Problem requirements –
The records below must be copied in full; omit the images.

:: Input data ::

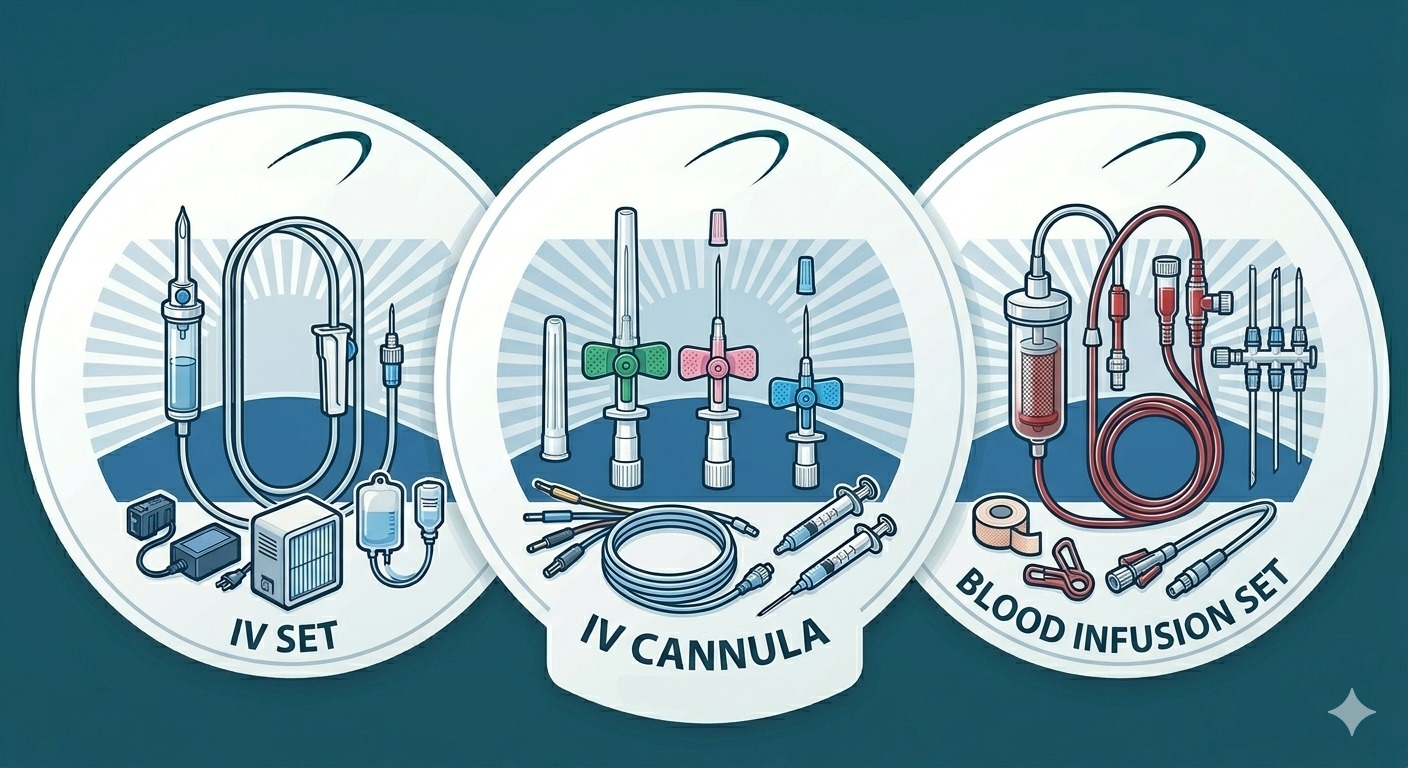 IV set, IV cannula and blood infusion set product section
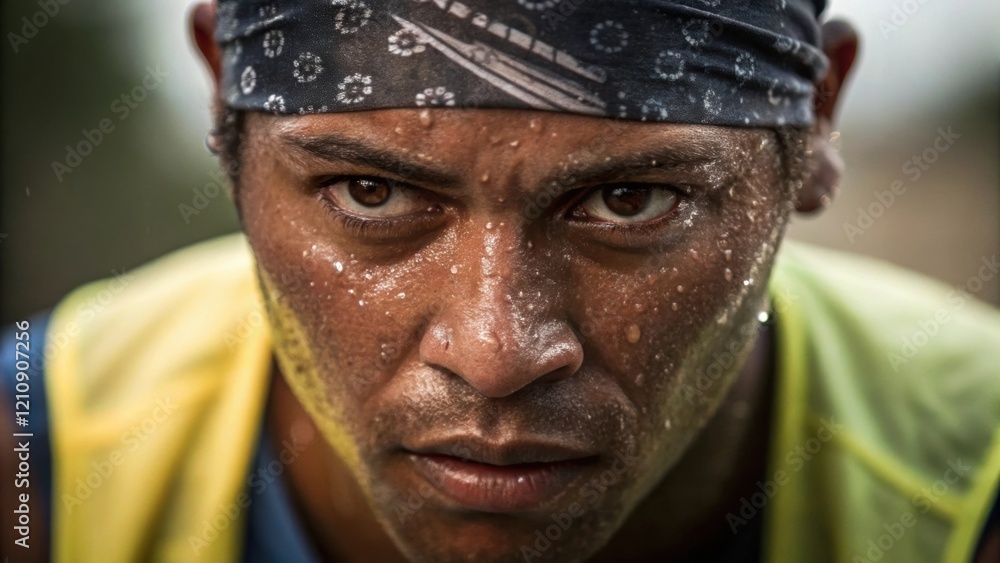 Poster closeup of a workers face drenched in sweat and concentration with a bandana tied around their head 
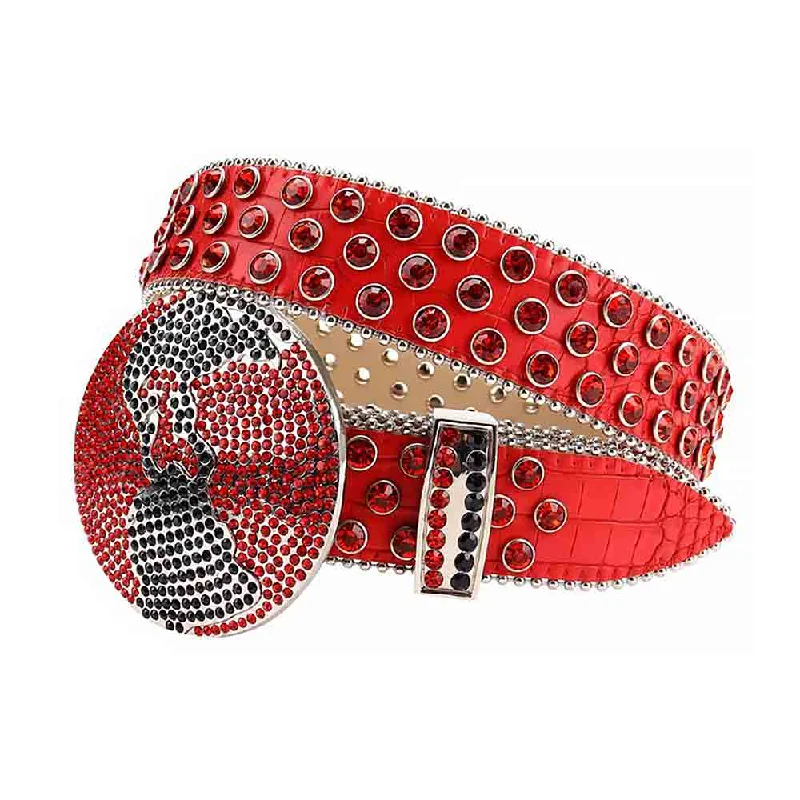 Globe Buckle Red Strap With Red Studded Rhinestone Belt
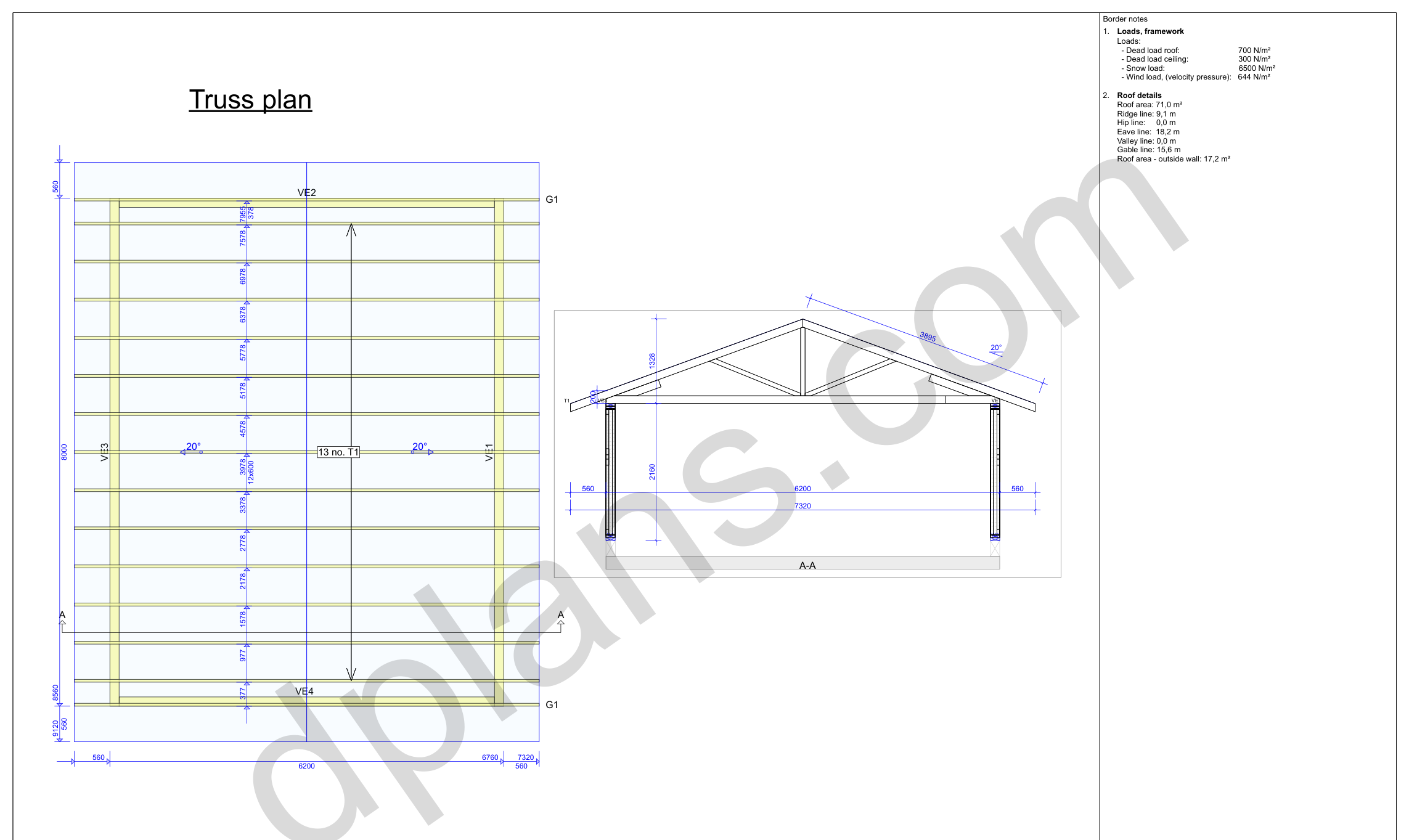 26x20 garage plans, roof truss layout plan and cross section with wall and ridge heights (metric, mm)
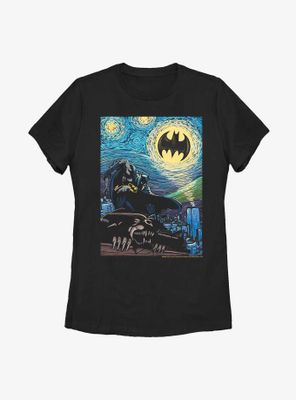 DC Comics Batman Over Starry Gotham Womens T-Shirt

:::

Solution to the problem –
 IV set, IV cannula and blood infusion set product section
 Poster closeup of a workers face drenched in sweat and concentration with a bandana tied around their head 
 Globe Buckle Red Strap With Red Studded Rhinestone Belt
 26x20 garage plans, roof truss layout plan and cross section with wall and ridge heights (metric, mm)
 DC Comics Batman Over Starry Gotham Womens T-Shirt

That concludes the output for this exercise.